I'm not a big eater and can go without but it had been over 12 hours since I last ate at this point. When they announcement came I'd literally just open the bag and eaten a couple.

So for me personally it wasn't that I couldn't possibly go another two hours without them, it was just the culmination of events that led up to it that annoyed me.

Have you ever cracked open a beer or a sarnie and thought "I've been looking forward to this"? It was like that basically, of course I'm gonna have a bit of a grumble.
 
Pretty selfish of him to have a nut allergy.

Clearly no one is accusing the person of being selfish for simply having a nut allergy, nice strawman though.

It's the handling of it that I'm questioning....

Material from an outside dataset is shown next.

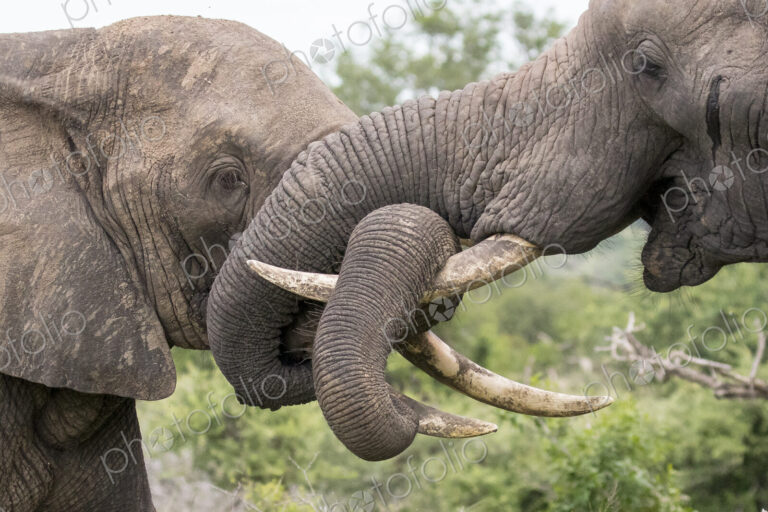 Two elephant, Loxodonta africana, wrap their trunks together play fighting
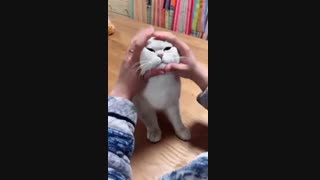 ج چالش چلنجی •~•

1) Did the passenger inform the airline before the flight or did he wait until he got on board as the tannoy made it sound ("I've just been informed" was the opening line). If he did inform them, then I feel the airline should have said something at least in departures which would give time for people to buy other snacks. If he didn't then I'm sorry but I do think the passenger acted selfishly.

2) I'm still yet to hear anyone explain why it is unreasonable to expect people with such severe allergies to wear a Chinese style pollution face mask and/or wear plastic gloves whilst flying as opposed to expecting everyone else to moderate their behavior for them.

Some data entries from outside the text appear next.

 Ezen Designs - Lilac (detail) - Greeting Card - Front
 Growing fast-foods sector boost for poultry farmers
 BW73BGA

I guess my views on the incident are being guided a bit by a friend I know who has a million and one afflictions but plays of them for attention and sympathy. He has diabetes, eczma, bad eyes, a one bad kidney and a nut allergy. I went on holiday with him once and our whole schedule, everyday had to be dictated by his needs and after a few days of it, I don't care how morally righteous you are it starts to p*ss you off. He had to eat at certain times, fine but do they have to be so exact? For example we all to leave a Theme Park once but because he had to eat at 5:30pm, we wanted to stay another 15 minutes (thus he would have eaten at 5:45pm) and he wouldn't have it, started bringing up his 'condition' etc so we all had to go.
 
Last edited:
I think people are being a bit unfair here, given how serious a peanut allergy is and how easy it is to trigger. A pressurised cabin with recycled air on a plane is not your normal environment so the chances of an allergy being triggered are greater than usual.

At the end of the day, if somebody did have an attack, even if they had an epi-pen, I bet they would still make a landing or return to the departure airport. So if you had been asked to stop eating peanuts and carried on, you aren't doing yourself any favours if somebody did have a reaction.

You may have also noticed (or not) that planes don't serve nuts or nut based meals anymore.

This tbh. We've got a few in our family that react extremely badly to nuts, I think the last place you'd ever want to have a problem would be up in the air, epipen or not.

Your not going to die from not eating nuts, they could from a reaction. Not hard to just wait for the in flight meal rather than risk it is it...?
 
Knowing someone who died following a reaction to peanuts (they were unaware a local takeaway had changed a recipe to include nuts when previously it contained none) I have to sympathise with the nut allergy sufferer. It's not a big deal to go without some peanuts for a few hours.
 
I'm not, that's the point. I'm not the one making statements that imply it.

Well then, if you don't know for sure either way the only sensible thing to do is take precautions not to put someones life at risk.

Unless peanuts are more important than a life.
 
Look at it this way. Being stubborn and eating peanuts, in a worst case scenario, could result in the affected person becoming very ill, necessitating a diversion to the nearest suitable airfield for a medical reception, making your journey infinitely more difficult and stressful.

Hang on, so what happens if I've sat in departures and had my grubby hands all over a bag of nuts and rubbed my hands down my jeans or spilled a load down my top.
I'm still getting on the plane, distributing 'dust'.

Also nut allergies are not limited to peanuts and in a lot of cases peanuts don't trigger an allergic reaction.

If someone is that sensitive then they should have a pen to administer a shot should they need it. It should not stop people eating nuts!